Keenly aware of the difference in performance, as well as the decline's significance, Giants starters have spent a significant portion of Spring Training striving to hit adequately. They believe that their rededication to the art of hitting will inevitably hasten the team's success.
Entering Friday night's Cactus League game against the Oakland A's, Madison Bumgarner, Matt Cain and Tim Hudson had collected at least one hit apiece. Though they're guaranteed to face more formidable pitching during the regular season, the mild success reflects their intent.
"We know that we didn't do a very good job with [hitting] last year, for whatever reason," right-hander Ryan Vogelsong said. "I don't think it was for lack of working. We just didn't do a very good job. Yes, it's definitely a concerted effort from all of us to be better up there at the plate."
That effort has included playing pepper, which prompts hitters to follow a thrown ball until it strikes the bat. It also has featured intensified batting-practice sessions involving situational hitting, in which pitchers hone their skills at advancing runners, squeeze bunting and executing the "slash" play, in which a hitter fakes a bunt and swings instead.

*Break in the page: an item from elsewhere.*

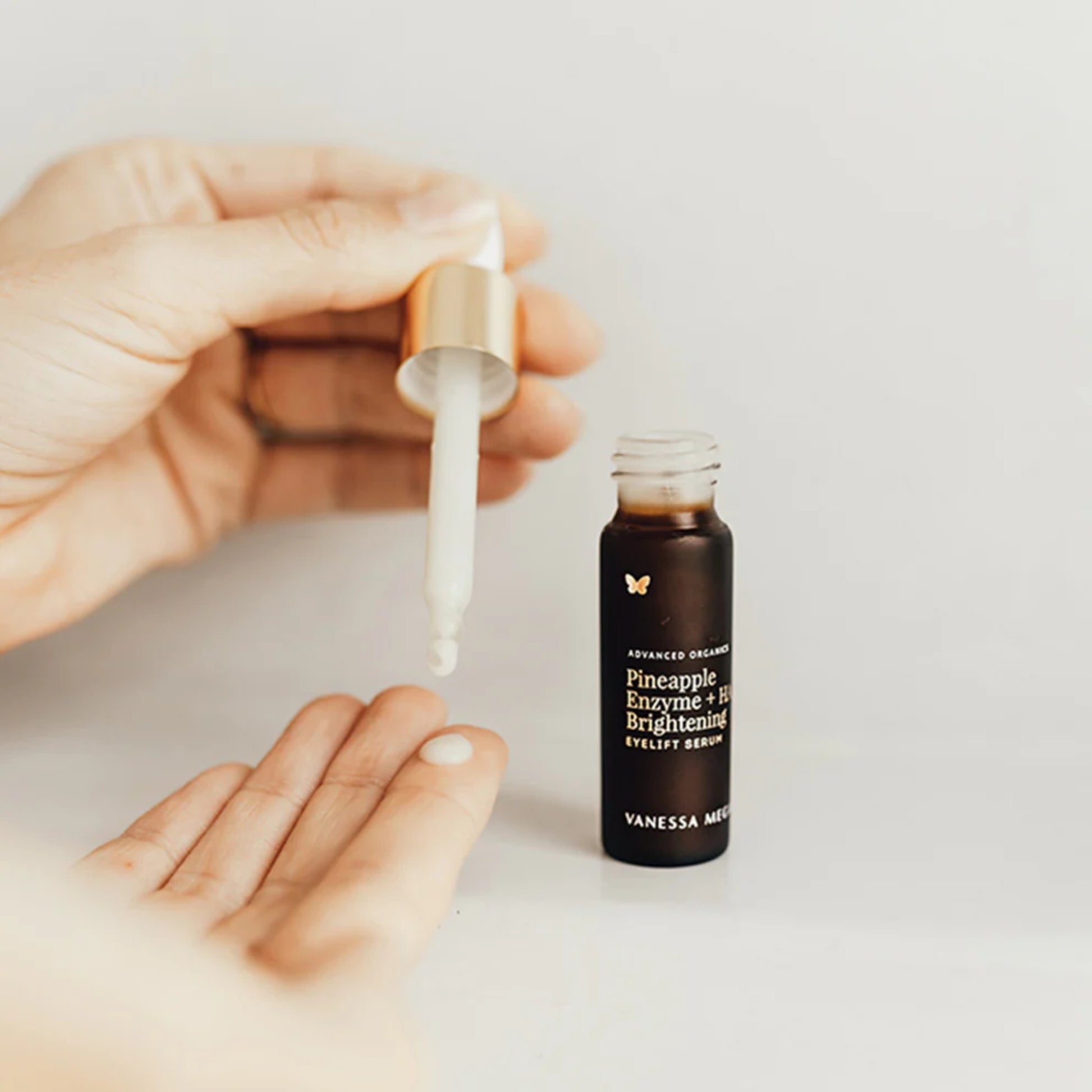 Vanessa Megan Pineapple Enzyme + HA Brightening Eyelift Serum being applied with a dropper on a light background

Bumgarner, who hit a career-low .107 last year despite possessing considerable strength and an excellent swing, sounded bent on improving the Giants' productivity from the ninth spot in the batting order.

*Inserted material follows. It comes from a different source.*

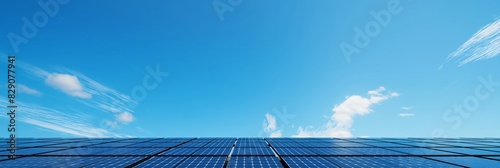 Solar energy concept with photovoltaic cells installed under a blue sky with streaky clouds, sustainable power generation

"We were terrible last year," Bumgarner said. "I know that's not what we were asked to do, but we want to contribute."
The Giants appear to have the potential to achieve that goal. Cain's six career home runs tie him for sixth-most among active pitchers since August 2005 when he reached the Majors. Bumgarner homered twice in 2012. Vogelsong batted a respectable .226 in 2011 before slumping to .084 the past two seasons. Hudson broke Hall of Famer-elect Frank Thomas' single-season RBI record at Auburn University. Tim Lincecum has ranked among the NL's top 10 in sacrifice bunts three times.
"I've never been on a staff where so many guys can really handle the bat well," said Hudson, a 15-year Major League veteran who joined the Giants as a free agent this offseason. "It seems like the majority of these guys can."
Vogelsong often has witnessed the impact of an effective plate appearance from a pitcher. "It seems like a lot of rallies start with us or go through us," he said. "We're in the middle of a lot of everything, it seems like, the last two years, whether it's getting a bunt down or a slash."
Goading each other into excelling, a favorite approach among athletes in any sport, might become more common among the Giants' starting staff.
"We definitely rib each other pretty bad, so I think that's plenty," Vogelsong said. "We don't give each other a hard time so much about pitching, but we definitely give each other a hard time from the batting aspect."
Simply knowing that posing a threat with the bat is not just a luxury but also an imperative could help Giants pitchers support themselves.
"We take a lot of pride in being able to get bunts down and move guys over and stuff like that," Vogelsong said. "Having that mentality is a good start."